I hadn't answered him. All I'd said was that I wasn't going to let a man dictate to me who I could or could not spend my time with, husband or no. I didn't think it was fair for me to have to give up my support group, people I'd known for years, because of his insecurity. He thought surely a woman couldn't be surrounded by men all the time and not give in to temptation. I'm made of stronger stuff than that. The argument didn't end well, but I didn't think he'd leave me. Not so soon after the baby. Not two days before Christmas.

I called him. The phone seemed to ring forever on the other end. Finally, he picked up.

"Are you sure?" was all I said.

"I'm sure."

"What do you expect me to do about the mortgage payment? It's going to take me a little while to get a job."

"Gee, Mouth, I don't know. Since those friends of yours are so great, why don't you ask them for it?" The line went dead.

... a few months later...

"I miss you, Mo, and I love you. I think I made a mistake."

"Is that an appolagy?"

"No, I still don't think I was wrong, I just don't want to be without you."

"Then we're no better off than we were in December, George. I tell you what: I'll give you a year. One year to the day after you told me you wanted a divorce. One year to figure out what you want, and to get it right. After that..."

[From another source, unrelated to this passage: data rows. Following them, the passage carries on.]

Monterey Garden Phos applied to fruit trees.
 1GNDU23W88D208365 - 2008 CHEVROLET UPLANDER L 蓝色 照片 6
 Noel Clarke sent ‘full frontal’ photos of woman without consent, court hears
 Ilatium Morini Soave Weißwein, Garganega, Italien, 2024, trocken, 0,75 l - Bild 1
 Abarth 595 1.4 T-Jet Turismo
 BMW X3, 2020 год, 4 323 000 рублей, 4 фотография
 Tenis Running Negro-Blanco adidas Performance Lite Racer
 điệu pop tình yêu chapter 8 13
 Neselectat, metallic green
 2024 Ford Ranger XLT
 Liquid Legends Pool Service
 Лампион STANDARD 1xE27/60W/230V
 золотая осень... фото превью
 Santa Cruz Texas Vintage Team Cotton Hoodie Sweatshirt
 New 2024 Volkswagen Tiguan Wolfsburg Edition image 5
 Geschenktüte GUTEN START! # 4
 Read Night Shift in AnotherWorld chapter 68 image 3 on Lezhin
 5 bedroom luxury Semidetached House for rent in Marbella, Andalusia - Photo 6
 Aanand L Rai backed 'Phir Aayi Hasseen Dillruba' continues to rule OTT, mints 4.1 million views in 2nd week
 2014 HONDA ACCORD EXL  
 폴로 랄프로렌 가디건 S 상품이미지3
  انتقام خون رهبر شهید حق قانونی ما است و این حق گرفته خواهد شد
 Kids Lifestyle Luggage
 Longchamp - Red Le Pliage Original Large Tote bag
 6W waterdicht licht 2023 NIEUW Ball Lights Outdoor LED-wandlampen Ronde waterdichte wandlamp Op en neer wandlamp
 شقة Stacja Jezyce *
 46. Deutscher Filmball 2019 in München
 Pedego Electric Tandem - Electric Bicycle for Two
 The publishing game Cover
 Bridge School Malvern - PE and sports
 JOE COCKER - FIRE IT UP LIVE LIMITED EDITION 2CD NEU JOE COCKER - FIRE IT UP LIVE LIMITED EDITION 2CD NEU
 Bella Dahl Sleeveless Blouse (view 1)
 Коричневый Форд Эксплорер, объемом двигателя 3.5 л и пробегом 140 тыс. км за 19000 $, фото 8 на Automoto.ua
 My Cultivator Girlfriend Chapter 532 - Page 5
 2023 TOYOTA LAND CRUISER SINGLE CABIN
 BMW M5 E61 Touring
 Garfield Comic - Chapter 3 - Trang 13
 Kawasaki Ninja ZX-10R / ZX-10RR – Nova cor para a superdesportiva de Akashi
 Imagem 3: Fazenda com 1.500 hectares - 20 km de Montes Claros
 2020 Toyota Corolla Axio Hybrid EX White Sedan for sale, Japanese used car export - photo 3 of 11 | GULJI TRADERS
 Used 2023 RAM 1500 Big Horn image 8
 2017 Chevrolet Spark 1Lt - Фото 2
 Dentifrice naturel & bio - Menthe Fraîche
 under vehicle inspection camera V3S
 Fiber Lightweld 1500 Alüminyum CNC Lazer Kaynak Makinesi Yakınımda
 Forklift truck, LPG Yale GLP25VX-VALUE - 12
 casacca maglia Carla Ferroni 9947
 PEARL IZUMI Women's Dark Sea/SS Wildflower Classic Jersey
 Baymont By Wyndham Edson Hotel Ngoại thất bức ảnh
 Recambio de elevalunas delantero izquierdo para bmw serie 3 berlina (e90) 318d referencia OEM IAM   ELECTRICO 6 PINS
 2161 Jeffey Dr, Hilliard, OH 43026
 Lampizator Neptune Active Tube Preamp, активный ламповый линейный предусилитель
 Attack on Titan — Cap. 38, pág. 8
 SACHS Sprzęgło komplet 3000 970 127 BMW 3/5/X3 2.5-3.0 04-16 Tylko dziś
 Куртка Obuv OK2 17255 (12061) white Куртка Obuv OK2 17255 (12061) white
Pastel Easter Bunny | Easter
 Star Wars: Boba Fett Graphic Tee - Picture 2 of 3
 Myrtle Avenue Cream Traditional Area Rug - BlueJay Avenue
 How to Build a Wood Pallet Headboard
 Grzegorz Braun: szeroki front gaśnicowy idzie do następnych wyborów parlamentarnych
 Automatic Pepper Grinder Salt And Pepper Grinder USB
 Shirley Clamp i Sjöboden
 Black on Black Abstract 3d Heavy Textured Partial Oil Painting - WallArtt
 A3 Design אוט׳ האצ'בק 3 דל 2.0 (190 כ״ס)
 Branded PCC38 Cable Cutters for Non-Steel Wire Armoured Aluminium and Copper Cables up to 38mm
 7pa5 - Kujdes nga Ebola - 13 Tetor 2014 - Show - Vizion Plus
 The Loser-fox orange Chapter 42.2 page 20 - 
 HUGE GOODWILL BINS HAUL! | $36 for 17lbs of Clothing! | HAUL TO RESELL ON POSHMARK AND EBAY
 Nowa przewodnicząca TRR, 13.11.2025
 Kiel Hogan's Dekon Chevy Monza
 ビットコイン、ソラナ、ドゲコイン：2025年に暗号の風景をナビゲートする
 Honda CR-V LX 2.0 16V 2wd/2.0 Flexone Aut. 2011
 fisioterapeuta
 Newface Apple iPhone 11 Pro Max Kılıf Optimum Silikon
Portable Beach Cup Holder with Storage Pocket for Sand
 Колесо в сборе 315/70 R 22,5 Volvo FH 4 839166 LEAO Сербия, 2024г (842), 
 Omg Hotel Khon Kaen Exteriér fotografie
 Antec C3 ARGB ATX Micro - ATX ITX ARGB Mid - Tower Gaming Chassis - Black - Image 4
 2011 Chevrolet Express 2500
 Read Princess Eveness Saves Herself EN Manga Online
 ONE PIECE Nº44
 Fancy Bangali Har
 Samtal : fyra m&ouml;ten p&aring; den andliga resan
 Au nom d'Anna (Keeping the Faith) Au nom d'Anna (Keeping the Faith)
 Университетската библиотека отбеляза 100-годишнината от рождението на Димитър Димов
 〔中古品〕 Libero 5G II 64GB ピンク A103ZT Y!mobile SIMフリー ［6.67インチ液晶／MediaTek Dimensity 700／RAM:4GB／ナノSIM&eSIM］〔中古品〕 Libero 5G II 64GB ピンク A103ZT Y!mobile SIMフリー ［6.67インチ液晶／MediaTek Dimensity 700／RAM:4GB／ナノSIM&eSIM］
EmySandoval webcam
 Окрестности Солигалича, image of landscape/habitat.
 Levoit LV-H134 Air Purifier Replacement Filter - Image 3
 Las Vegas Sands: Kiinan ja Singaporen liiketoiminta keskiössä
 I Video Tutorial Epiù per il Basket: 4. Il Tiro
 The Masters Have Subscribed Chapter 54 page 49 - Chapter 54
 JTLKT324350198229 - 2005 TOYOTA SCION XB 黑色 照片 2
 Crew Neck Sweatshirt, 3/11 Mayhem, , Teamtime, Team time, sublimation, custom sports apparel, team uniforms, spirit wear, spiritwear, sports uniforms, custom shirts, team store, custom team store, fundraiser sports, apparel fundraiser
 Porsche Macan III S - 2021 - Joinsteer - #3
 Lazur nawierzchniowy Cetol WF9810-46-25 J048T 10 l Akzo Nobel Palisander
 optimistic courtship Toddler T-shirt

I didn't finish the sentence. It didn't seem necessary.

... today.

A year ago, today, I obligated myself to waiting for a man who didn't want me. A man who didn't love me because I wouldn't obey. A man who made our private life public to my family and friends.

Today I got my freedom.

It's a strange feeling. Strange, but welcome.

"Free at last, free at last,
Thank God Almighty, I'm free at last!
The very time I thought I was lost!
Thank God Almighty, I'm free at last!
My dungeon shook and my chains fell off!
Thank God Almighty, I'm free at last!
This is religeon, I do know!
Thank God Almighty, I'm free at last!
For I never felt such love before!
Thank God Almighty, I'm free at last!"